Выбрать главу

Новая столица не вызвала у него восторга. Дороговизна там царила такая, какой он не встречал «во всей Германии». Из-за нехватки средств ему пришлось, по его собственным словам, поселиться в жалком деревянном доме, где были только «две пригодные комнаты». Поэтому дипломат попросил свое начальство избавить его от обязанности устроить в честь своего прибытия банкет{296}. Сам же город, когда армия и флот уходили воевать, напоминал собой пустыню. Динамизм быстро растущей столицы явно не произвел на голландца впечатления. Претила ему и придворная жизнь с ее празднествами и пиршествами. То, что участие в них принимал сам царь, Якоб де Би находил прискорбным и видел причину пошатнувшегося здоровья Петра исключительно в пьянстве и обжорстве{297}.

Есть основания предполагать, что поездка и первые впечатления резидента о Петербурге в значительной мере предопределили его мнение о России и ее властелине. Сложившийся у него негативный образ укрепила история в Гельсингфорсе, где, как сказано выше, русский флот без всякого повода уничтожил пять голландских торговых судов. Впрочем, недовольство 30-летнего дипломата русскими было обоюдным. В Петербурге считали, что Генеральные штаты направили в Россию представителя слишком низкого ранга. При дворе курфюрста Саксонского, который занимал одновременно польский престол, Республику представлял чрезвычайный посланник — и в Петербурге ожидали дипломата по меньшей мере такого же ранга, тем более что у царя в Гааге был чрезвычайный посол, т.е. носитель высшего дипломатического ранга.

Якобу де Би предстояло еще ко многому привыкнуть в практике российской дипломатии. Как бы ни были важны в России высокие сановники, все решения принимал самодержец и никто иной. Собеседники де Би, прежде всего канцлер Головкин и секретарь Посольского приказа Остерман, были не более чем передаточным звеном. Поскольку все передавалось на рассмотрение государя, а государь отнюдь не сидел на месте, то игра с вопросами и ответами могла тянуться до бесконечности. Русский двор, как никакой другой, владел искусством затягивания. Типичный пример — все тот же инцидент в Гельсингфорсе. Хотя де Би и сумел после четырех месяцев переговоров добиться признания русскими своей вины в случившемся, конкретные шаги, которые следовали из этого признания, заставят себя ждать более 10 лет. И все это время гельсингфорсское дело будет отравлять отношения между двумя странами. Царь мог себе позволить даже после столь серьезного инцидента годами игнорировать требования голландцев. «Высокомочные» в Гааге протестовали, посылали своему дипломату поручение за поручением, но прибегать к более сильным мерам воздействия не хотели, да и не имели возможности.

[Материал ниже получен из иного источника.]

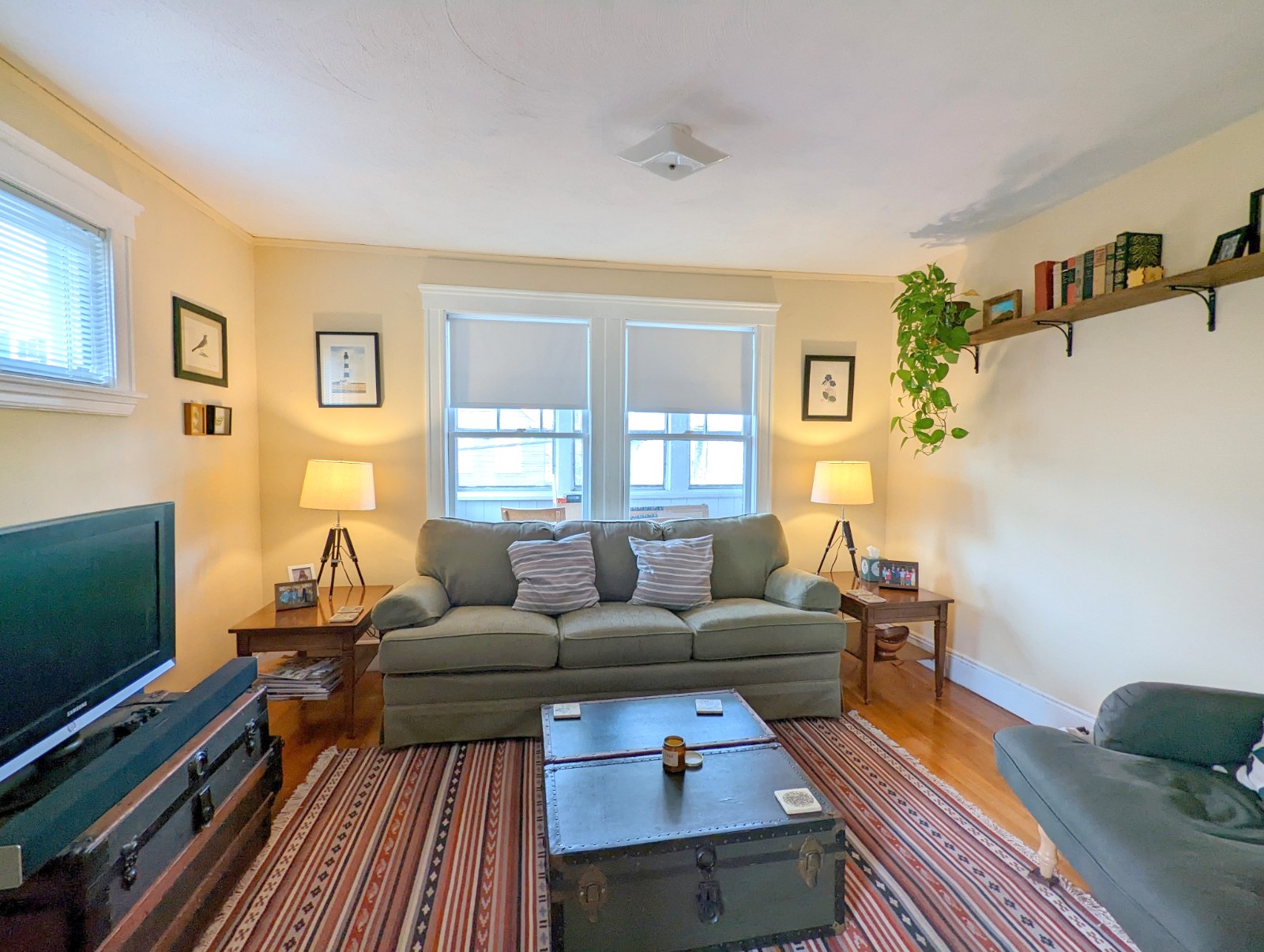 74 Cotting St, Medford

Больше всего де Би должен был заниматься проблемами голландских купцов в России{298}. Естественно, они испытывали большие трудности из-за российской бюрократии, которая замедляла любое дело. Бюрократизм был неотъемлемой частью общей системы управления в стране, где никто, кроме первого лица, не смел брать на себя ответственность ни за какое решение. Доказательств сознательной обструкции со стороны российских властей по отношению к голландским купцам у нас нет, однако то, что Петербургу отдавалось предпочтение за счет Архангельска, открыто и явно наносило голландской торговле в России ущерб, ухудшая конкурентные позиции подданных Республики. Впрочем, желание царя ослабить зависимость своей державы от одного торгового партнера и усилить конкуренцию между купцами из разных стран, было не менее понятным и логичным. Поднять Россию на уровень развития Запада, не впадая в слишком большую зависимость от него, — такова была политическая программа Петра{299}. Его покровительство собственной, российской промышленности и торговле предполагало повышение ввозных пошлин на многие импортные товары, а именно это в глазах голландского дипломата означало подрывать свободу торговли{300}.

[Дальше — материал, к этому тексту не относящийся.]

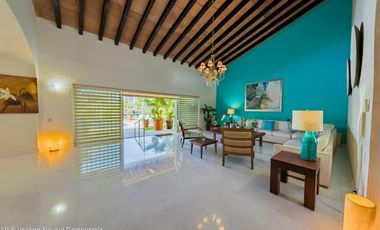 Villa Colonial de Lujo en venta en Isla Iguana – Frente al Canal de Marina Vallarta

В отдельных случаях ему удавалось добиться приемлемого для тех или иных его соотечественников решения, но структурные проблемы в торговых связях Голландии с Россией продолжали существовать. В этих условиях де Би неоднократно получал из Гааги прямое поручение сделать возможным торговый договор между двумя странами. Договор служил бы юридической основой голландской коммерции в России, что позволило бы легче решать повседневные вопросы, осложнявшие там жизнь подданным Республики. Кроме того, договор помог бы избегать произвольных мер, таких как одностороннее повышение русскими пошлин.